Getting Started with spell.replacer

library(spell.replacer)

Introduction

The spell.replacer package provides probabilistic spelling correction for character vectors in R. It uses the Jaro-Winkler string distance metric combined with word frequency data from the Corpus of Contemporary American English (COCA) to automatically correct misspelled words.

Basic Usage

The main function is spell_replace(), which takes a character vector and returns it with corrected spellings:

# Example text with misspellings
text <- c("This is a smple text with some mispelled words.",
          "We can corect them automaticaly.")

# Apply spell correction
corrected_text <- spell_replace(text)
print(corrected_text)
#> [1] "This is a simple text with some spelled words."
#> [2] "We can correct them automatically."

How It Works

The package uses a two-step process:

  1. Identify misspelled words: Uses the hunspell package to identify words not found in standard dictionaries
  2. Find corrections: For each misspelled word, calculates Jaro-Winkler distance to words in the COCA frequency list and selects the best match

Customizing Correction

You can adjust the correction behavior with several parameters:

# More restrictive threshold (fewer corrections)
conservative <- spell_replace(text, threshold = 0.08)

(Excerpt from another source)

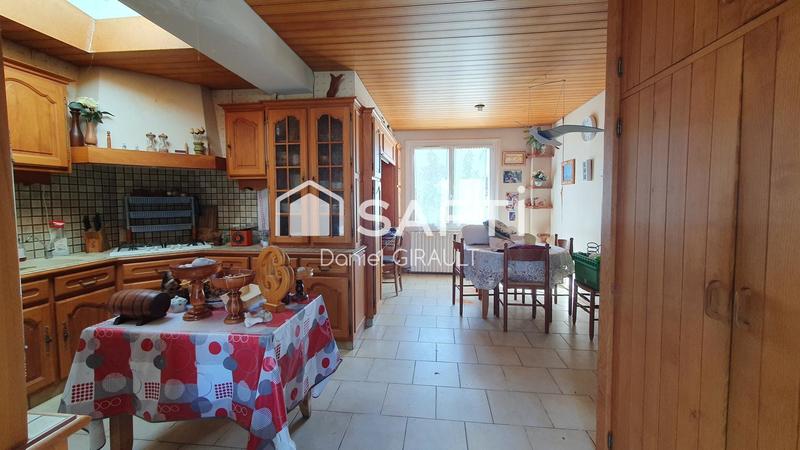 Maison - 300 m² - 10 pièces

# Ignore potential proper names
text_with_names <- "John went to Bostan yesterday."
corrected_names <- spell_replace(text_with_names, ignore_names = TRUE)
print(corrected_names)
#> [1] "John went to Boston yesterday."

Single Word Correction

You can also correct individual words using the correct() function:

# Correct a single word
corrected_word <- correct("recieve", coca_list)
print(corrected_word)
#> [1] "receive"

Working with Dataframes

One of the main benefits of spell.replacer is that it integrates seamlessly with tidyverse workflows. You can easily apply spell correction to entire columns of text data:

library(dplyr)

# Example dataframe with text column
docs <- data.frame(
  id = 1:3,
  text = c("This docment has misspellings.",
           "Anothr exmple with erors.",
           "The finl text sampel.")
)

# Apply spell correction using tidy syntax
docs %>%
  mutate(text = spell_replace(text))

Performance

The package processes approximately 1,000 words per second, making it suitable for large-scale text processing tasks. For example:

  • A 100,000 word corpus would take about 1.7 minutes
  • A 1,000,000 word corpus would take about 16 minutes

This makes spell.replacer practical for preprocessing large text datasets before analysis.

Word Frequency Data

The package includes the coca_list dataset with the 100,000 most frequent words from COCA:

# Most frequent words
head(coca_list, 10)
#>  [1] "the"  "and"  "of"   "to"   "a"    "in"   "that" "is"   "i"    "for"

# Check if a word is in the list
"hello" %in% coca_list
#> [1] TRUE

# Find the frequency rank of a word
which(coca_list == "hello")
#> [1] 2579